*** Exercise data Section Begins ***

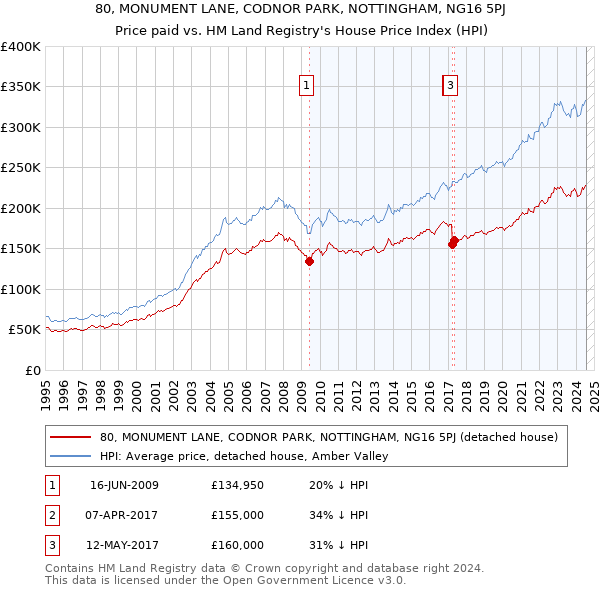 80, MONUMENT LANE, CODNOR PARK, NOTTINGHAM, NG16 5PJ: Price paid vs HM Land Registry's House Price Index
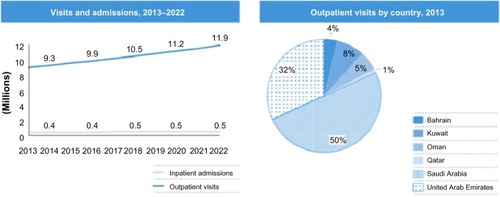 Figure 5 Visits and admissions for noncommunicable diseases in 2013–2022.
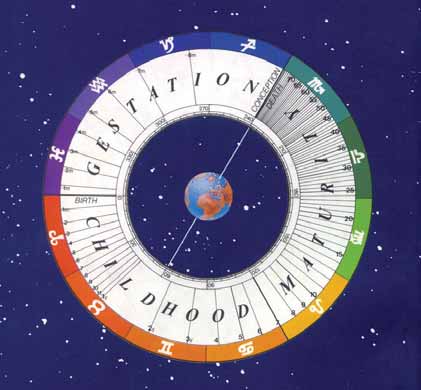 Tillegg 5 Life*Time Astrology Astrologen Tad Mann hevder at astrologi er læren om tiden Dette tillegget er ikke ment å gi noen undervisning i astrologi, men siden tolkningsmodellen er så spesiell at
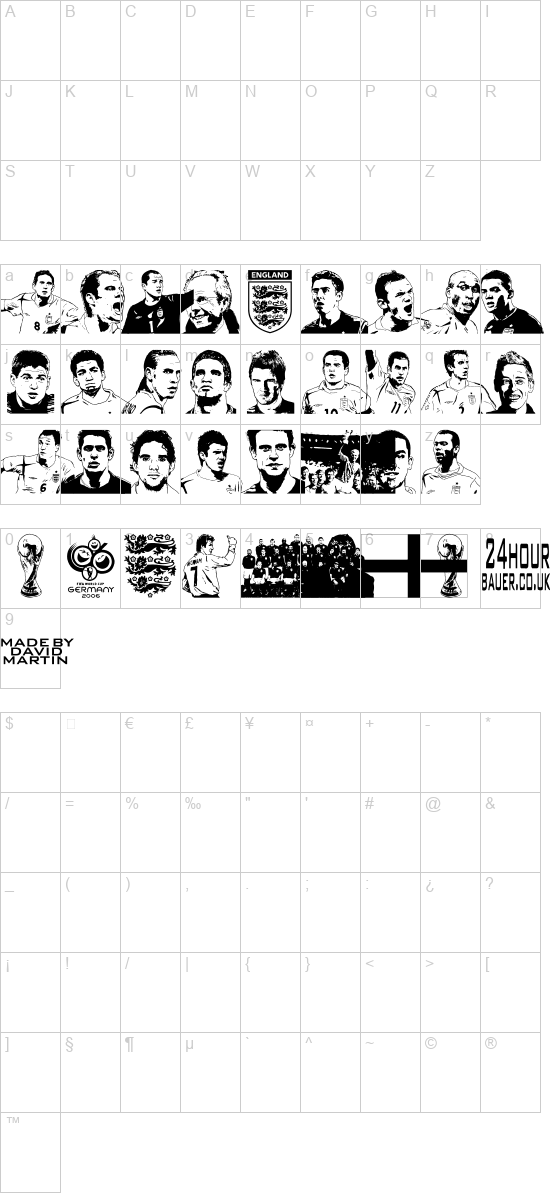 character map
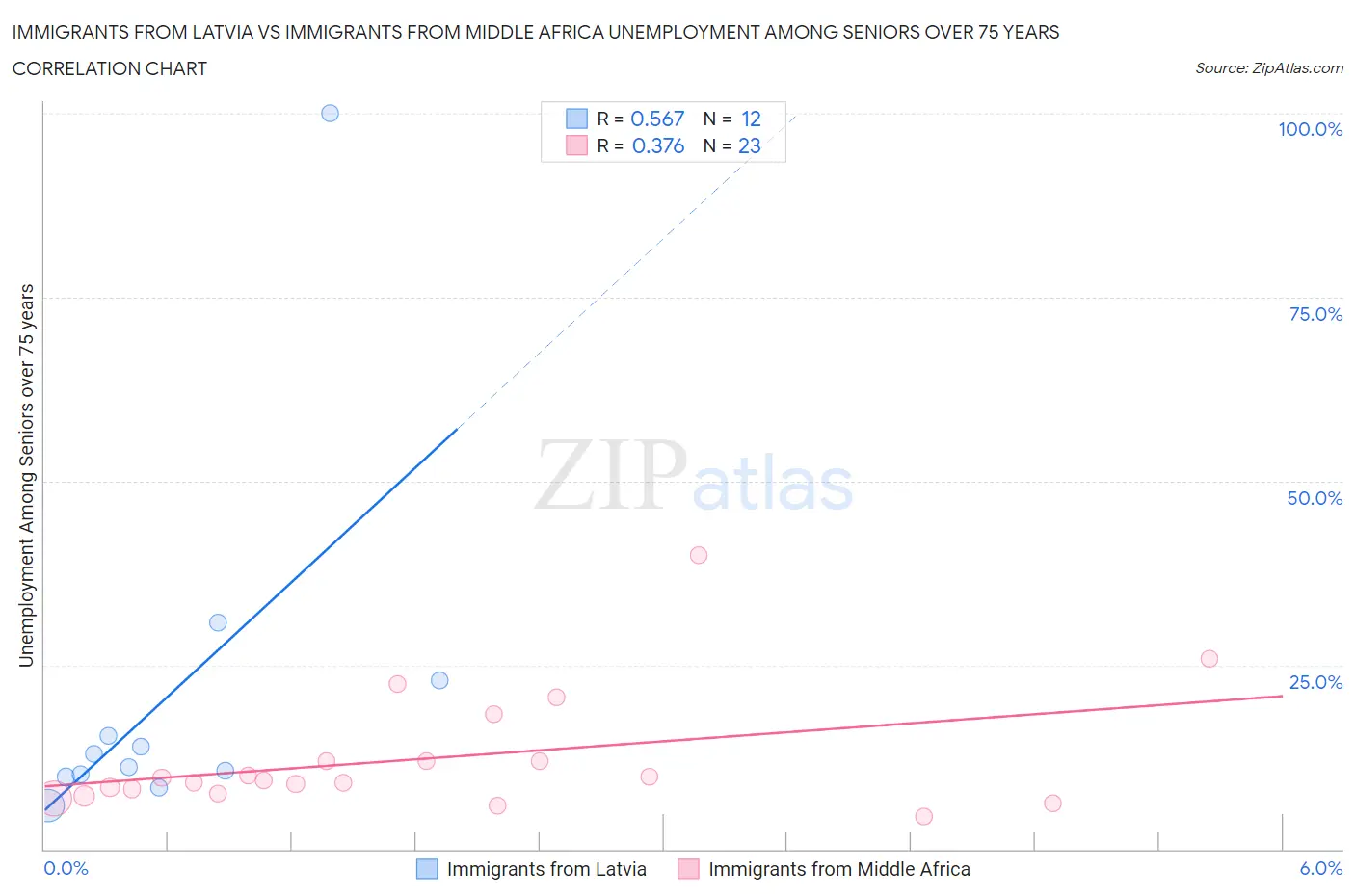 Immigrants from Latvia vs Immigrants from Middle Africa Unemployment Among Seniors over 75 years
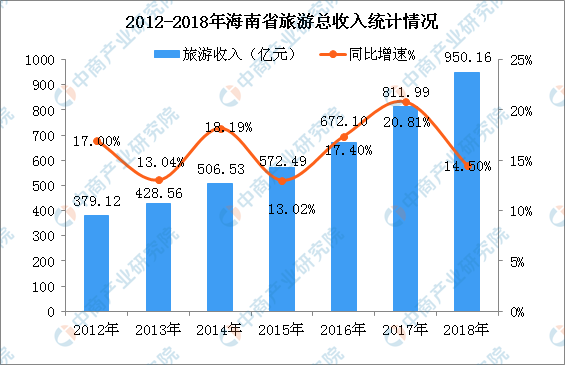 海南旅游人口_2012 2017年海南旅游人数增速 图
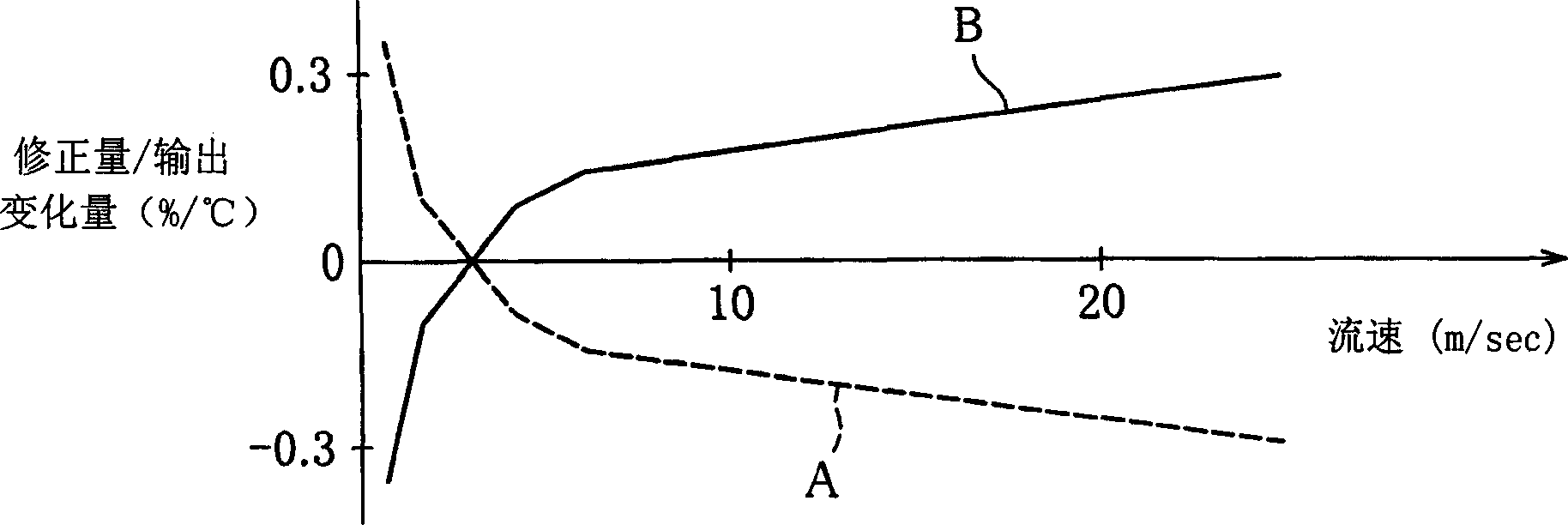 Thermal flowmeter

*** Exercise data Section Ends ***

■ What is required:
Everything from the line containing "海南旅游人口_2012 2017年海南旅游人数增速 图" to the last line of the listing above is to be written out exactly, except the pictures, and nothing else.

■ Result of this exercise:
 海南旅游人口_2012 2017年海南旅游人数增速 图
 Thermal flowmeter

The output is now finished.